In the Linux kernel, the following vulnerability has been resolved:
mm: swap: fix race between free_swap_and_cache() and swapoff()
There was previously a theoretical window where swapoff() could run and teardown a swap_info_struct while a call to free_swap_and_cache() was running in another thread. This could cause, amongst other bad possibilities, swap_page_trans_huge_swapped() (called by free_swap_and_cache()) to access the freed memory for swap_map.
This is a theoretical problem and I haven't been able to provoke it from a test case. But there has been agreement based on code review that this is possible (see link below).
Fix it by using get_swap_device()/put_swap_device(), which will stall swapoff(). There was an extra check in _swap_info_get() to confirm that the swap entry was not free. This isn't present in get_swap_device() because it doesn't make sense in general due to the race between getting the reference and swapoff. So I've added an equivalent check directly in free_swap_and_cache().
Details of how to provoke one possible issue (thanks to David Hildenbrand for deriving this):
--8<-----
__swap_entry_free() might be the last user and result in "count == SWAP_HAS_CACHE".
swapoff->try_to_unuse() will stop as soon as soon as si->inuse_pages==0.
So the question is: could someone reclaim the folio and turn si->inuse_pages==0, before we completed swap_page_trans_huge_swapped().
Imagine the following: 2 MiB folio in the swapcache. Only 2 subpages are still references by swap entries.

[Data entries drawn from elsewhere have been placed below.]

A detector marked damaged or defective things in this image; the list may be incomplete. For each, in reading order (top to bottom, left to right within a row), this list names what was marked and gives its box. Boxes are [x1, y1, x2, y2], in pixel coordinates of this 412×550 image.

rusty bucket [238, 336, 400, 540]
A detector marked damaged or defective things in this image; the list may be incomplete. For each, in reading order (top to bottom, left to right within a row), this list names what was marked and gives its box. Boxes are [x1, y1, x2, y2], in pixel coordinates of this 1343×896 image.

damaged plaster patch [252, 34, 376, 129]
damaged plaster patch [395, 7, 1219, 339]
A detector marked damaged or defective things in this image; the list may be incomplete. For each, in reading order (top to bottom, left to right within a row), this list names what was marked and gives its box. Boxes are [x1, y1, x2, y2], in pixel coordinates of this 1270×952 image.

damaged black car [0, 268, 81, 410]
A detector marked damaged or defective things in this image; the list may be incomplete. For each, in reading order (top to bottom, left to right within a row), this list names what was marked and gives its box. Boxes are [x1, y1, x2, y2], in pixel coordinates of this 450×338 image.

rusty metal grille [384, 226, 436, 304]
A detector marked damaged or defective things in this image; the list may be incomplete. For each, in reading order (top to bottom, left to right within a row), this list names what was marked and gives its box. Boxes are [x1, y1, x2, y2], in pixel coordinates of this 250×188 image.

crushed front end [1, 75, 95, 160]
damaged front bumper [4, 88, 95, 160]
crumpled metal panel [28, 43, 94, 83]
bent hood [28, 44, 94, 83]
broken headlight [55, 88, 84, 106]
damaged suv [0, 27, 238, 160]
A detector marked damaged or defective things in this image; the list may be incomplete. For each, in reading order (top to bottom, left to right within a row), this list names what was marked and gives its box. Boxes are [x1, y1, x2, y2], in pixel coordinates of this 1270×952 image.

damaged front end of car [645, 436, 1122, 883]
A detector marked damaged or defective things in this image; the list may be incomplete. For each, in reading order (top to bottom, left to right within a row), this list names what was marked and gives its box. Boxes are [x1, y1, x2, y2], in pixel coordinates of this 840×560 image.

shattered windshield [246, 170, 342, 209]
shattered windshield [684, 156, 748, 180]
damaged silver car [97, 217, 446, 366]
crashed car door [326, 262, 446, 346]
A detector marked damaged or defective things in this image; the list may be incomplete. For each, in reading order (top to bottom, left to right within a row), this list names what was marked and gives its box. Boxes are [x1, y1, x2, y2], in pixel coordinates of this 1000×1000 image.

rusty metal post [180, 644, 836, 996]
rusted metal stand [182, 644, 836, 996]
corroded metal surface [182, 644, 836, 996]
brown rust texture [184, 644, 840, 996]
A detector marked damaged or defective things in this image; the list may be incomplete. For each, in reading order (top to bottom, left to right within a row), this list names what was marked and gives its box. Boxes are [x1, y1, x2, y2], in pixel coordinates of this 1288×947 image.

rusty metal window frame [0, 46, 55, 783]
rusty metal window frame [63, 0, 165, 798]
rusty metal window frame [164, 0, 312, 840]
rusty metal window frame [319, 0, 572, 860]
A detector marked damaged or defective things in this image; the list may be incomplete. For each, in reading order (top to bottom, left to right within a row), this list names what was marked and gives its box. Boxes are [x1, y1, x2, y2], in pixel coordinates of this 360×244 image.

Process 1 still references subpage 0 via swap entry. Process 2 still references subpage 1 via swap entry.
Process 1 quits. Calls free_swap_and_cache(). -> count == SWAP_HAS_CACHE [then, preempted in the hypervisor etc.]
Process 2 quits. Calls free_swap_and_cache(). -> count == SWAP_HAS_CACHE
Process 2 goes ahead, passes swap_page_trans_huge_swapped(), and calls __try_to_reclaim_swap().
__try_to_reclaim_swap()->folio_free_swap()->delete_from_swap_cache()-> put_swap_folio()->free_swap_slot()->swapcache_free_entries()-> swap_entry_free()->swap_range_free()-> ... WRITE_ONCE(si->inuse_pages, si->inuse_pages - nr_entries);
What stops swapoff to succeed after process 2 reclaimed the swap cache but before process1 finished its call to swap_page_trans_huge_swapped()?
--8<-----